Picture this: you’re reviewing a supplier’s Life Cycle Assessment (LCA) report. You spot the impact of electricity and pause. "Wait," you think, "don’t they use 100% renewable energy?"
If you’re used to Greenhouse Gas (GHG) Protocol reporting, seeing a non-zero value for renewables might be jarring. In traditional carbon accounting, we often treat renewable certificates as having 0 kg CO2eq. But in the physical reality, the story is more complex.
Why is the impact 0 in carbon accounting? Conventions
In standard carbon accounting, electricity impacts are often "discarded" if you hold a certificate. This follows the GHG Protocol’s Market-Based reporting convention.
This approach is designed as a financial incentive rather than a real physical measurement. The logic is to encourage corporate investment in green energy, rewarding companies who purchase a contractual instrument – such as a Renewable Energy Certificate (REC) or a Guarantee of Origin (GO).
So is it really burden-free? No, it isn’t
While this works for tracking contractual obligations and carbon offsets, it ignores the embodied emissions. This includes a series of burdens, among others:
- Manufacturing of panels or turbines, including the mining of their raw materials
- Construction of dams, wind farms, or solar farms
- The actual grid, including the mining of their raw materials
- Transportation of equipment
- Maintenance
These are the upstream impacts of "clean" energy. Reporting 0 kg CO2eq only accounts for on-site emissions – and even that is questuionable. It effectively ignores the Scope 3 burdens of the energy provider itself.
What do we do in LCA instead? Describe reality
In LCA we use physical modeling. When we model your footprint, we seek the most specific data possible.
We use physical modeling to find the most specific data possible. We ideally look at the specific electricity mix your provider is purchasing to guarantee your supply. Because not all green energy is equal, the nuance matters.
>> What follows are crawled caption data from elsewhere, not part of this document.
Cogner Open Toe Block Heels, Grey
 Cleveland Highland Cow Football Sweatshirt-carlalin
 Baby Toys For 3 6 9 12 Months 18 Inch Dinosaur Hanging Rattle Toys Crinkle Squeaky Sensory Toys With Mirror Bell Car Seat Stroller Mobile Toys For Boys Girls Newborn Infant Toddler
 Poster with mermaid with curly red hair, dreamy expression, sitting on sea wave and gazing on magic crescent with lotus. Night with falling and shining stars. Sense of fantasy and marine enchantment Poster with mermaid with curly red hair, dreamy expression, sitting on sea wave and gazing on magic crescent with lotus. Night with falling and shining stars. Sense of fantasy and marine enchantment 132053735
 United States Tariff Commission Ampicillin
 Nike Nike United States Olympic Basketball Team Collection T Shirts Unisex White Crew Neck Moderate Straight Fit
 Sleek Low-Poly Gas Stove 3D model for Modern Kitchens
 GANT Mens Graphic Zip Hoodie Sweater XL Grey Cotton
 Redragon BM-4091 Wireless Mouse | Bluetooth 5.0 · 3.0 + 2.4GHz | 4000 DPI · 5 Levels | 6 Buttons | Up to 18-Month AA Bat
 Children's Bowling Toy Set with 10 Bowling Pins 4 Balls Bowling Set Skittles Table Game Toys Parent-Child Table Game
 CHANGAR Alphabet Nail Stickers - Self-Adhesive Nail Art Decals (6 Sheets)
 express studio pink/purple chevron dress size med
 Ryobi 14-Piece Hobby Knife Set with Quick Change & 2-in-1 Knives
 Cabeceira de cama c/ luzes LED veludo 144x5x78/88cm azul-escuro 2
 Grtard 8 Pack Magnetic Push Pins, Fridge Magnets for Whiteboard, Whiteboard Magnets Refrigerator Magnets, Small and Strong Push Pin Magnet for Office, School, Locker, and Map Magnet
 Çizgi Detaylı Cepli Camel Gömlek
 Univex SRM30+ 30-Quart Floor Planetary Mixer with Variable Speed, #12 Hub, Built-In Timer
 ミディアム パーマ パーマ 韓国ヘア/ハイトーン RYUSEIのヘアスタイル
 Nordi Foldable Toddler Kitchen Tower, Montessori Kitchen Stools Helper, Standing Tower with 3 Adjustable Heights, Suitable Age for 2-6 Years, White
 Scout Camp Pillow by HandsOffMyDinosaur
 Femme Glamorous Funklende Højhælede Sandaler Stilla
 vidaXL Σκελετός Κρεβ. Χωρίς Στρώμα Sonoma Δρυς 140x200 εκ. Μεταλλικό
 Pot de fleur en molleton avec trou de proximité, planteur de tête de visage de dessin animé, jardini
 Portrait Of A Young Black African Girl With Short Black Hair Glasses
If they don’t provide a mix, we look for the closest reliable data. Either the average for the provider – not necessarily your contract – or even the regional or national average. We look for reliable descriptions, not just marketing statements (like “green” or “all-renewable”), because unfortunately people mean very different things with those statements. Such a pictures is much more realistic than just ignoring the burdens of electricity.
Wait, if renewables have an impact… are they bad? No, not at all
You’ll notice that most of the impacts mentioned above are infrastructure, or front-loaded impacts. They happen once, and energy is generated over a long period of time. Renewable sources of energy are therefore cleaner than fossil ones.
They’re much cleaner, in fact. A quick check for Spain based on BAFU shows them being 25-50 times smaller. Not percent, times. More than an order of magnitude difference. And yet, it is physically impossible for the impact of renewables to be zero.

The purpose is to guide better decisions
This is precisely the reason why we account like this in LCA. Because it allows us to tell appart the good from the bad, but also the best from the good. More efficient electricity generation – among renewables – makes a difference. It reflects reality more precisely, and as such, allows people to make more informed decisions.
The numbers you see in an LCA aren't a penalty; they are an accurate measurement of the resources required to power your world. By reflecting reality precisely, we empower better, more informed decisions for a true energy transition.